◆ PROBLEM TO SOLVE ◆
What you return must match the entries word for word, minus the pictures.

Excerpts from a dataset
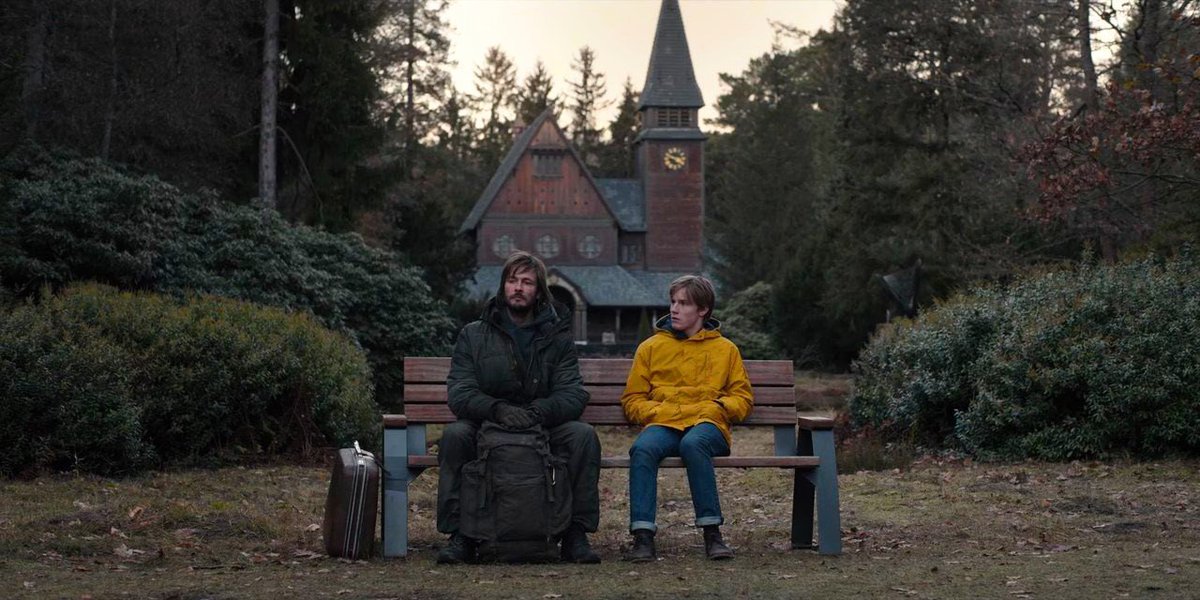 TheCinesthetic's tweet photo. Dark (2017-2020) https://t.co/55s4sZ7qMS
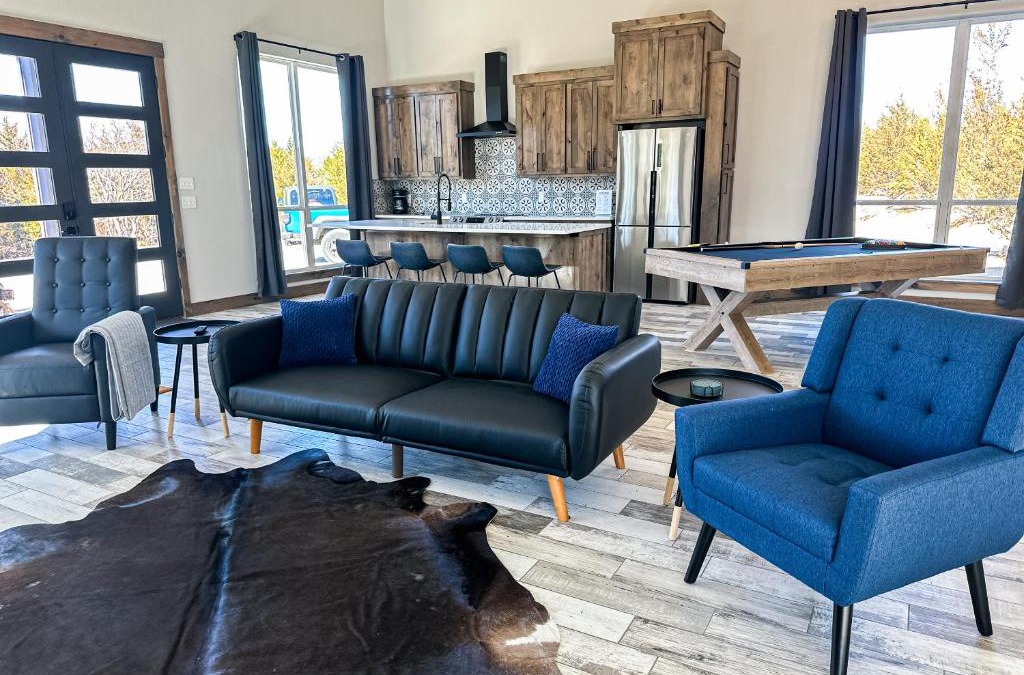 Purcell Villa | Brand New Yote Cabin, Pool Table, South of Norman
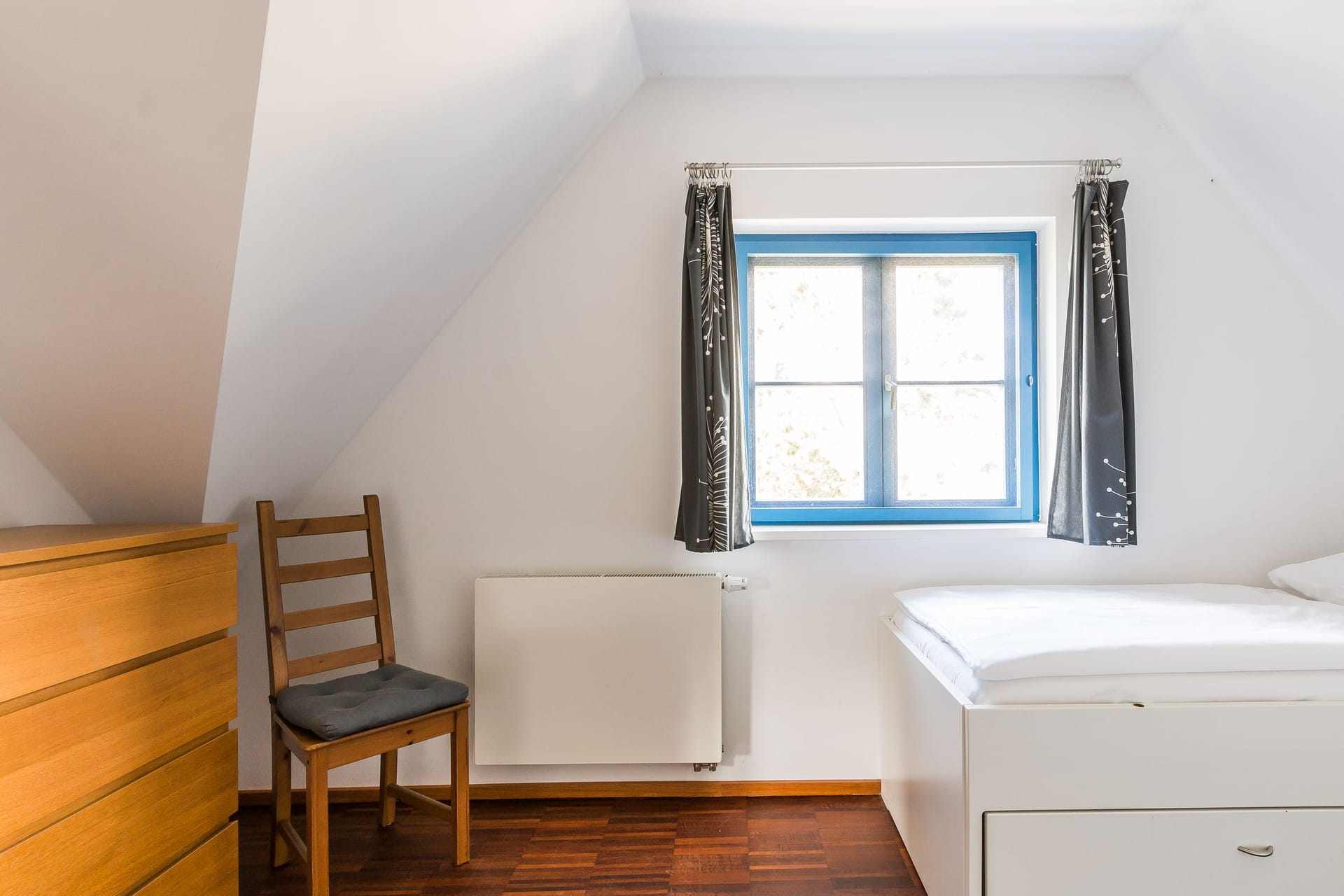 Schlafzimmer mit Bett und Stuhl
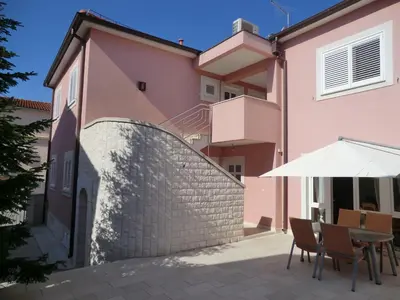 Zgrada u kojoj se nalazi apartman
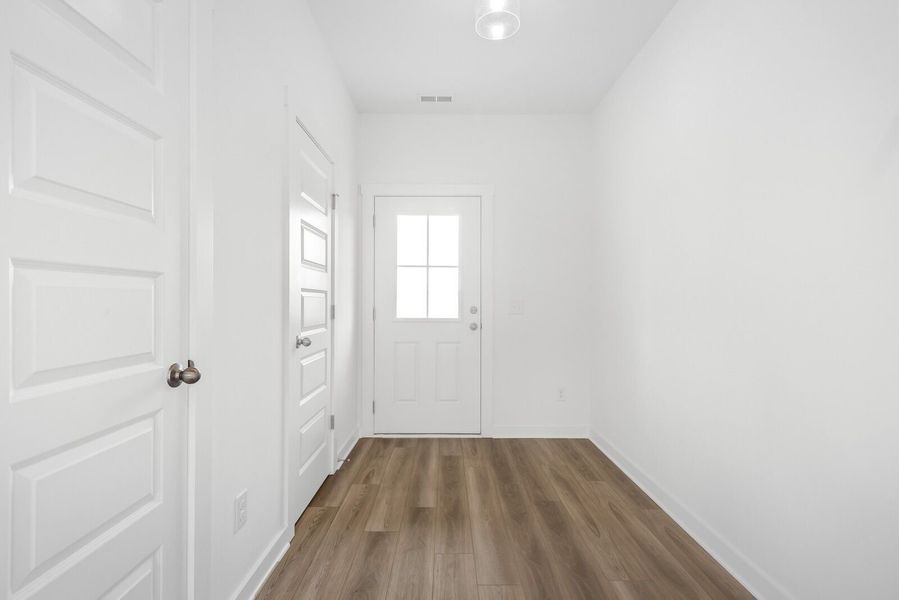 Spacious, unfurnished interior of a new home in Calista Farms, White House (Image 14).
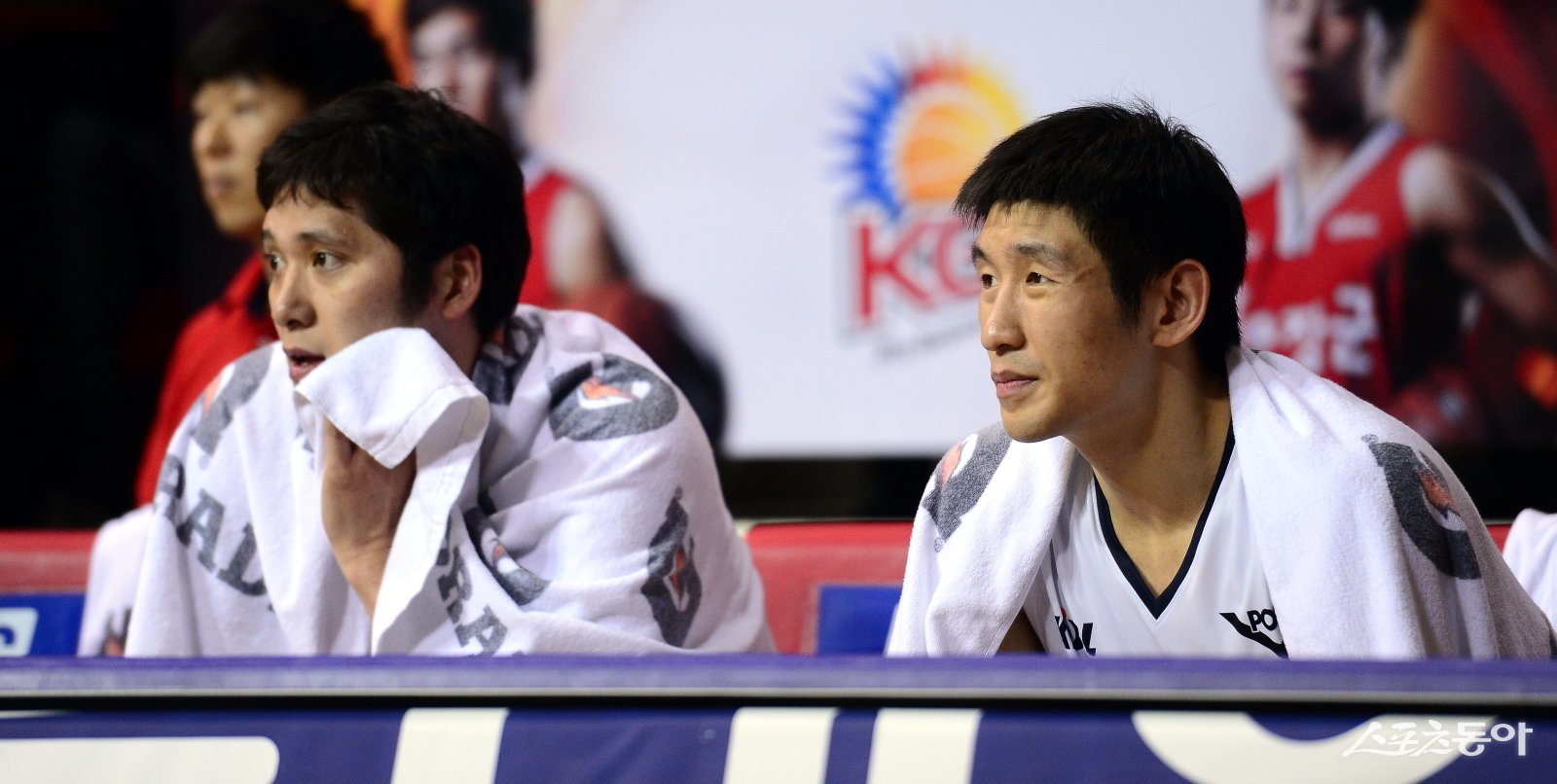 현대모비스 함지훈(왼쪽)은 이번 시즌을 끝으로 18시즌 동안 이어온 선수 생활을 마무리한다. 양동근 현대모비스 감독은 그와 우승을 합작한 추억을 떠올렸다. 스포츠동아DB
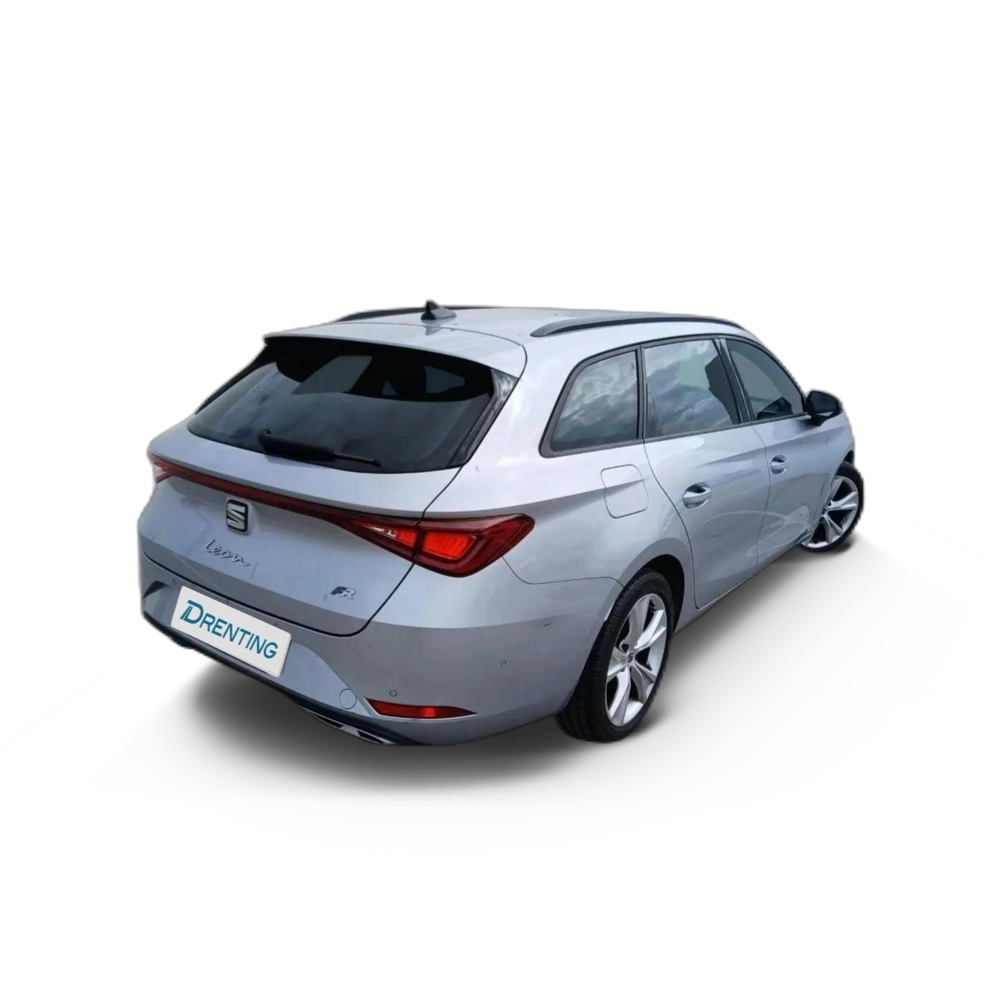 Renting SEAT Leon ST 1.5 eTSI S&amp;S FR DSG-7 150 Plateado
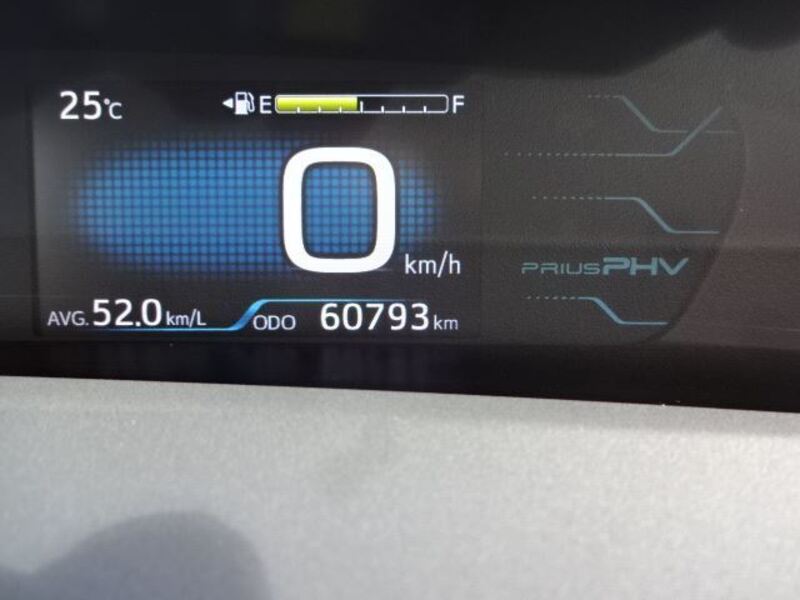 PRIUS PHV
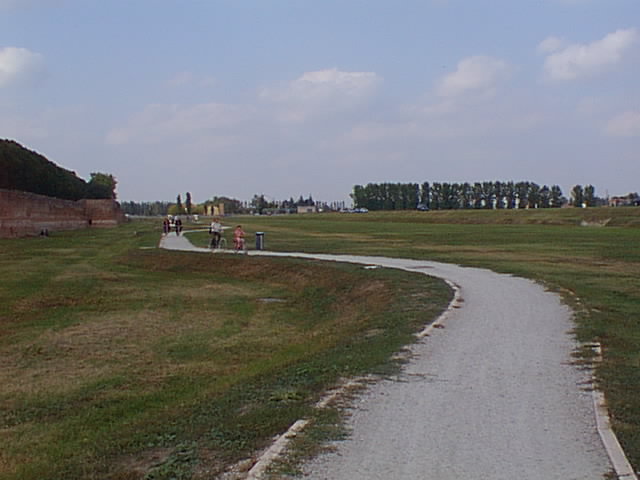 09240017.jpg, 47957 bytes, 25/09/00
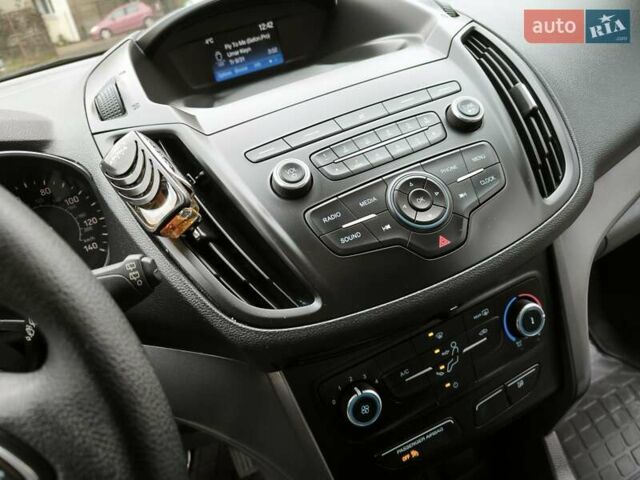 Серый Форд Эскейп, объемом двигателя 2.5 л и пробегом 45 тыс. км за 15200 $, фото 19 на Automoto.ua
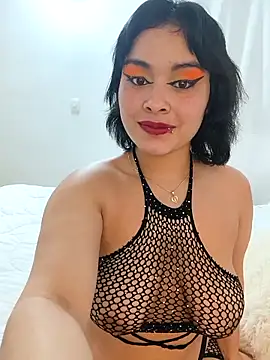 Snapshot of zoe_love18 chatting on April 29, 5:33 am zoe love18 online show from April 29, 5:33 am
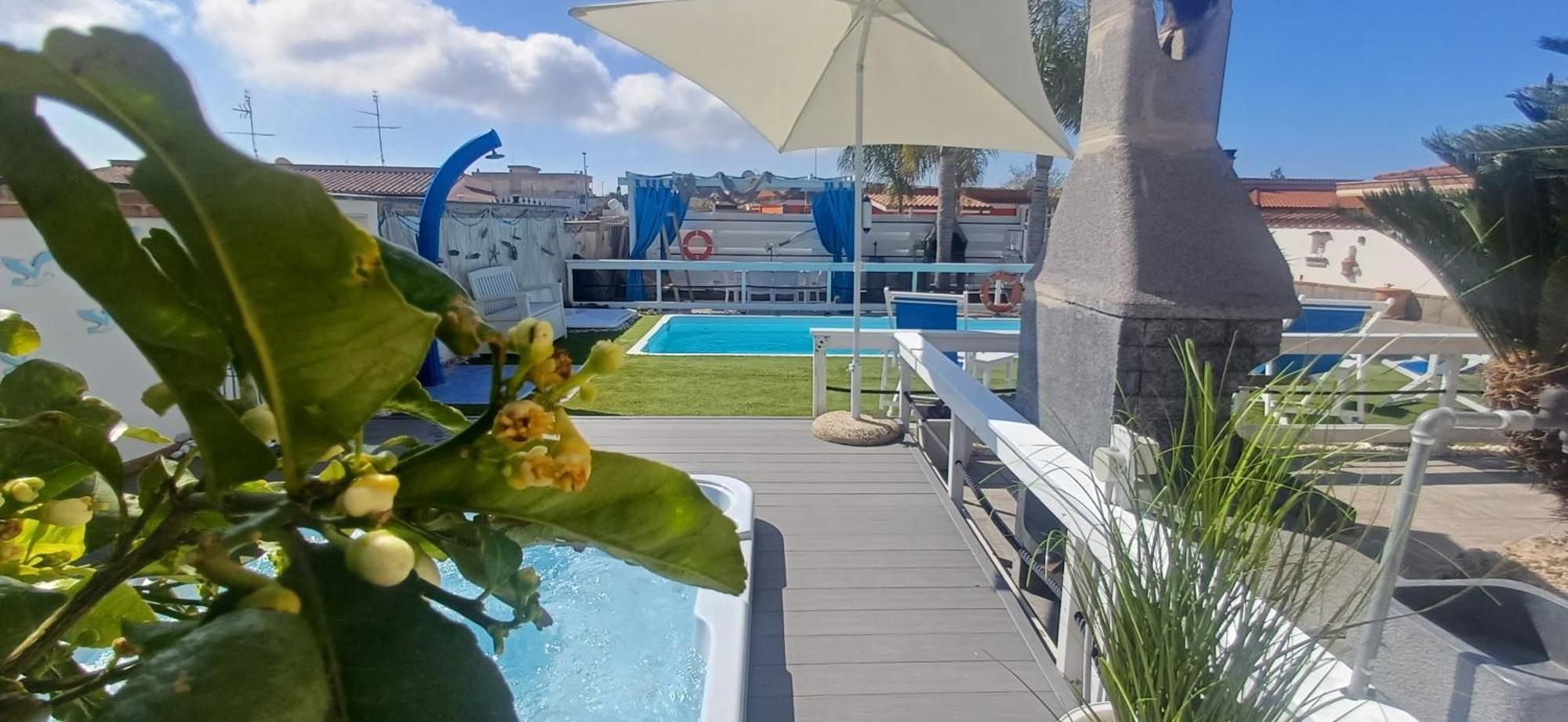 Alloggi Turistici Con Piscina Palestra Jacuzzi Sauna Anzio Exterior foto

◆ RESULT ◆
 TheCinesthetic's tweet photo. Dark (2017-2020) https://t.co/55s4sZ7qMS
 Purcell Villa | Brand New Yote Cabin, Pool Table, South of Norman
 Schlafzimmer mit Bett und Stuhl
 Zgrada u kojoj se nalazi apartman
 Spacious, unfurnished interior of a new home in Calista Farms, White House (Image 14).
 현대모비스 함지훈(왼쪽)은 이번 시즌을 끝으로 18시즌 동안 이어온 선수 생활을 마무리한다. 양동근 현대모비스 감독은 그와 우승을 합작한 추억을 떠올렸다. 스포츠동아DB
 Renting SEAT Leon ST 1.5 eTSI S&amp;S FR DSG-7 150 Plateado
 PRIUS PHV
 09240017.jpg, 47957 bytes, 25/09/00
 Серый Форд Эскейп, объемом двигателя 2.5 л и пробегом 45 тыс. км за 15200 $, фото 19 на Automoto.ua
 Snapshot of zoe_love18 chatting on April 29, 5:33 am zoe love18 online show from April 29, 5:33 am
 Alloggi Turistici Con Piscina Palestra Jacuzzi Sauna Anzio Exterior foto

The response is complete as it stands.